"""
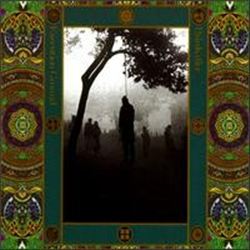 Collected Works cover art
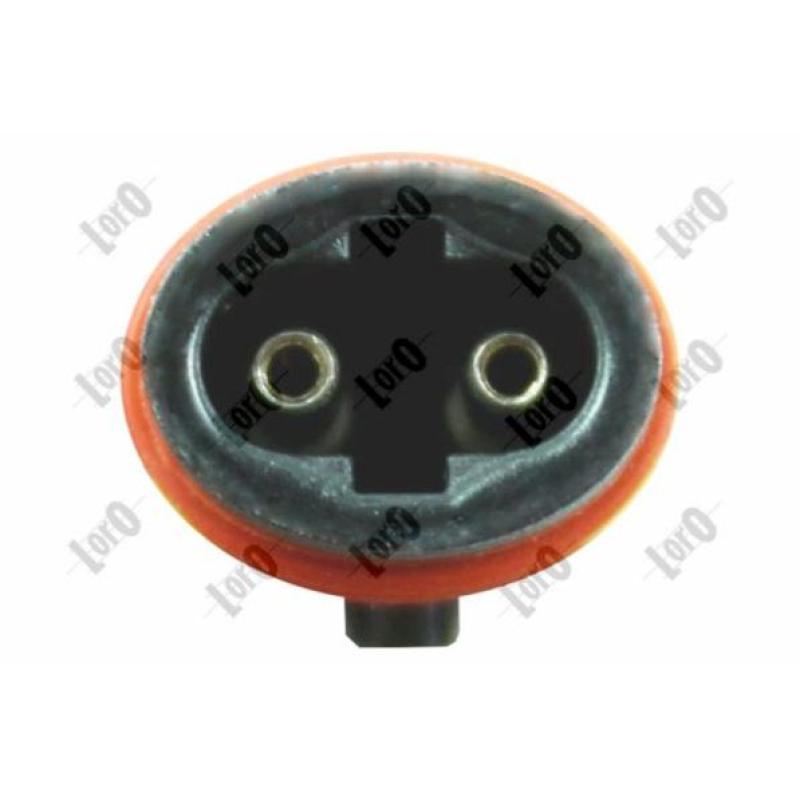 Détecteur de l'usure des plaquettes de frein ABAKUS 120-10-026 - Visuel 2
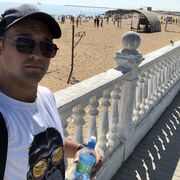  ,   , 29 ,   c 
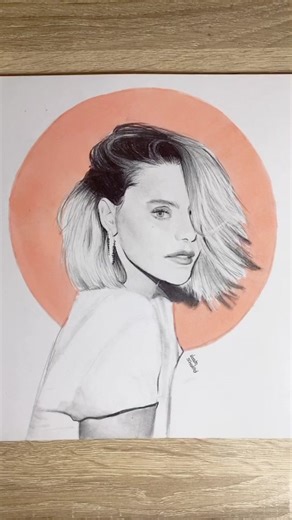 #foru #fyp #art #virał #painting #forypupage #drawing #artpencil #draw #duet #foyou #drawinchallenge #artchallenge #paint #facemorphing #rotemsela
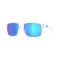 Oakley OO 9487 948707 Güneş Gözlüğü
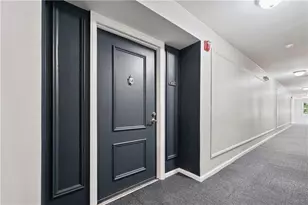 3650 Ashford Dunwoody Road NE, Atlanta, GA 30319 - Photo 8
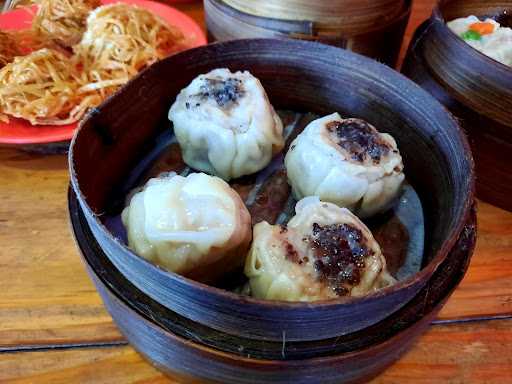 Red Dimsum 2 (Cabang) 2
"""
**The task**
The first line of the listing through the line with "Oakley OO 9487 948707 Güneş Gözlüğü": repeat exactly that span and nothing more, skipping pictures.

**Answer section**
 Collected Works cover art
 Détecteur de l'usure des plaquettes de frein ABAKUS 120-10-026 - Visuel 2
  ,   , 29 ,   c 
 #foru #fyp #art #virał #painting #forypupage #drawing #artpencil #draw #duet #foyou #drawinchallenge #artchallenge #paint #facemorphing #rotemsela
 Oakley OO 9487 948707 Güneş Gözlüğü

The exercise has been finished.